Mathematical physics

Angling for the best knot

03 Apr 2007 Hamish Johnston

As any experienced angler will know, some knots are better than others -- but exactly why a "blood knot" should be stronger than, say, a "reef knot" is far from clear. Now, physicists in Japan have tried to unravel this mystery by carrying out the first experiments into how fishing lines with knots in them actually break. Surprisingly, it turns out that some knots that are strong when made using traditional nylon fishing line are in fact the weakest when made in a more modern material called PVDF (New Journal of Physics 9 65).

Torus knots

Determining exactly where a knot breaks in a material is not easy. First, the shape of the knot changes as it is tightened. Second, it is difficult to watch how the broken strands recoil, which takes place very quickly. Third, most knots unravel after breaking, making it hard to reconstruct a broken knot.

Hiroki Uehara and colleagues at Gumna University have now found a simple solution to these knotty problems. They first stretched a knot to nearly its breaking point and then daubed ink onto the exposed portions of the knot – leaving the internal portions of the knot unstained. After the ink had dried, they continued to pull until the knot broke. By comparing the ink patterns on the strand before and after breaking they were able to determine exactly where the knot failed.

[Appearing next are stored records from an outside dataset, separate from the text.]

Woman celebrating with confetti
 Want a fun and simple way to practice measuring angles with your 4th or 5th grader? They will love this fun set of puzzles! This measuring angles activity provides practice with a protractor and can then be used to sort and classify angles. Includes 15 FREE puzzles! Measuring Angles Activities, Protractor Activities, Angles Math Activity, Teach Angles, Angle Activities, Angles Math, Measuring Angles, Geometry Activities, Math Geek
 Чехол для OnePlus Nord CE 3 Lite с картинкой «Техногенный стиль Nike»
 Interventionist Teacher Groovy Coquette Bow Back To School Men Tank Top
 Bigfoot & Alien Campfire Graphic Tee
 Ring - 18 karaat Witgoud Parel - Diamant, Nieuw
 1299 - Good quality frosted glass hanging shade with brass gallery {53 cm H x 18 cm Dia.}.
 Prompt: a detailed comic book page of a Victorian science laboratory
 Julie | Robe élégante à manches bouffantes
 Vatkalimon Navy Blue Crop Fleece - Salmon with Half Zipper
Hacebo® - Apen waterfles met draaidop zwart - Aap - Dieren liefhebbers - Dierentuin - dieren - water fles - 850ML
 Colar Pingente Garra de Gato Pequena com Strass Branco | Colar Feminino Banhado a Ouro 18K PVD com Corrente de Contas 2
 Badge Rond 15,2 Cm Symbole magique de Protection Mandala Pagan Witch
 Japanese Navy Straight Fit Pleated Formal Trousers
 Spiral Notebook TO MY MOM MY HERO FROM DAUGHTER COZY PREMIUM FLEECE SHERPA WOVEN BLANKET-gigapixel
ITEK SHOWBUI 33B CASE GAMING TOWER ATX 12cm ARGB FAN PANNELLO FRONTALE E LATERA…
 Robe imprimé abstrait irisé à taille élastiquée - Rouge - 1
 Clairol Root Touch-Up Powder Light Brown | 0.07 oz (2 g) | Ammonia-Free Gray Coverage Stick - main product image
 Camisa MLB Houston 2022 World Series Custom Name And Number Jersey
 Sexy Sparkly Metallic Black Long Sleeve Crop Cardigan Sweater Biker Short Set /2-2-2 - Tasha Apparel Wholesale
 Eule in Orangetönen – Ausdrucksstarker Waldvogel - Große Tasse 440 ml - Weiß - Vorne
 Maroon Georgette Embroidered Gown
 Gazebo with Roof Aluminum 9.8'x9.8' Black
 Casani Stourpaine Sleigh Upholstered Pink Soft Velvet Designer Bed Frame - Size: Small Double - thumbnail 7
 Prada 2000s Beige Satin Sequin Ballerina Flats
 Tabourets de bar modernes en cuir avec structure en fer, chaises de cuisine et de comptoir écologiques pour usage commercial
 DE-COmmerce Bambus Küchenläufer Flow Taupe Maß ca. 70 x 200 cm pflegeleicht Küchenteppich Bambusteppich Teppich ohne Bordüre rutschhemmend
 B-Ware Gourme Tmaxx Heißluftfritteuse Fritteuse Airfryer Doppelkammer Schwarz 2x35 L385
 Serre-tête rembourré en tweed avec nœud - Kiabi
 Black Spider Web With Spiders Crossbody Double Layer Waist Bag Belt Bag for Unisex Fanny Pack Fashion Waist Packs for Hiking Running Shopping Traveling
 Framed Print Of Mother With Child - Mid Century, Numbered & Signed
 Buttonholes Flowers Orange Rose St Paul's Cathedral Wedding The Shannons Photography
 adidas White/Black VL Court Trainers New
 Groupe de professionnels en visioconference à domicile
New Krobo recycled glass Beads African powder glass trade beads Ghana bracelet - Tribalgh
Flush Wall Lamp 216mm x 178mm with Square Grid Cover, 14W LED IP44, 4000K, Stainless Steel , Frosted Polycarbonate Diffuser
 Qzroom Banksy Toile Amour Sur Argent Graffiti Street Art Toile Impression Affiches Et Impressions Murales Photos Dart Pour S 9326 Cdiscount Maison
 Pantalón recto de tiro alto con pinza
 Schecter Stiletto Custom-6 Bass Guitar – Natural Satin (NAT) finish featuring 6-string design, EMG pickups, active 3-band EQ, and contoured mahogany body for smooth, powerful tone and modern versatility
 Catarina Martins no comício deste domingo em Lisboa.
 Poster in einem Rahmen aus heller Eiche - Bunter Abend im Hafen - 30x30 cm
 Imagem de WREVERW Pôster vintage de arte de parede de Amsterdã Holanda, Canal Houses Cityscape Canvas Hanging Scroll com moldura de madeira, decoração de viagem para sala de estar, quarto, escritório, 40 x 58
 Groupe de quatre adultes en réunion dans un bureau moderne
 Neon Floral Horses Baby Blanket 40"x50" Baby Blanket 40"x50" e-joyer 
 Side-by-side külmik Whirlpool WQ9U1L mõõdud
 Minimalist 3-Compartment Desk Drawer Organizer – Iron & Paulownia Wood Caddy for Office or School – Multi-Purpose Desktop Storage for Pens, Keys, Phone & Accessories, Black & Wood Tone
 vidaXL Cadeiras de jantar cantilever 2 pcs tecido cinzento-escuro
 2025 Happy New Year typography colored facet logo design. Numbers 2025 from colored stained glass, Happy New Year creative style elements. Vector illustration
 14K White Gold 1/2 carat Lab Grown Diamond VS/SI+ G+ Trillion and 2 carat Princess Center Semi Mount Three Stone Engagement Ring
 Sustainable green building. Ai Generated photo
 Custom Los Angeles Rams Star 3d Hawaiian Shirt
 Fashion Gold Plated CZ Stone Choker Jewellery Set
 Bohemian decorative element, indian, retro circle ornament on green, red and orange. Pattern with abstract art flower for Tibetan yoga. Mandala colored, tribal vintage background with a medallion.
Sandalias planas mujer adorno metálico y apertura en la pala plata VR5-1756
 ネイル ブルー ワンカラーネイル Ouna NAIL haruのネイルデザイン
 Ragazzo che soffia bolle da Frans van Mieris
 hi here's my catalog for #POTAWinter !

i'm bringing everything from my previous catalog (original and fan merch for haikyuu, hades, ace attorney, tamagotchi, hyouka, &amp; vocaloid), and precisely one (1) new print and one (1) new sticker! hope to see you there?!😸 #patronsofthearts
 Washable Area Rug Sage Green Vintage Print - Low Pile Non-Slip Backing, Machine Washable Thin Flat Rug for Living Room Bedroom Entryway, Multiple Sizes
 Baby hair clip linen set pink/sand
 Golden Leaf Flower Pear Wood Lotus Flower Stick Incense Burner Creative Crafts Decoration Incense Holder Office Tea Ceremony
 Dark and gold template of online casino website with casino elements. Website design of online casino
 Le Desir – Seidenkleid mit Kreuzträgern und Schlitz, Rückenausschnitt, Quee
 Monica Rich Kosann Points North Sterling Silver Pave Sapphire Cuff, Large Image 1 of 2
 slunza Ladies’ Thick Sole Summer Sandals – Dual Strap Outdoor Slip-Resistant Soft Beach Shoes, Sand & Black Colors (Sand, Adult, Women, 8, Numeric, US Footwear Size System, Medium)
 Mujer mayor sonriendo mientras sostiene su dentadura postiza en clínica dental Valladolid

The researchers focused on simple “torus” knots, which can be characterized in terms of how many times the strand crosses over itself in the knot (see figure). When the knots were made in the PVDF (poly(vinylidene fluoride)) material, Uehara and colleagues were surprised to find that knots with the lowest crossing numbers were significantly stronger than knots with higher numbers – which is exactly the opposite of what is observed with traditional, nylon fishing line.

By examining the broken strands using optical and electron microscopes, the physicists discovered that torus knots with low crossing numbers broke due to the bending of the strand at one edge of the knot. However, torus knots with high crossing numbers broke deep inside the knot as a result of the twisting of the strand.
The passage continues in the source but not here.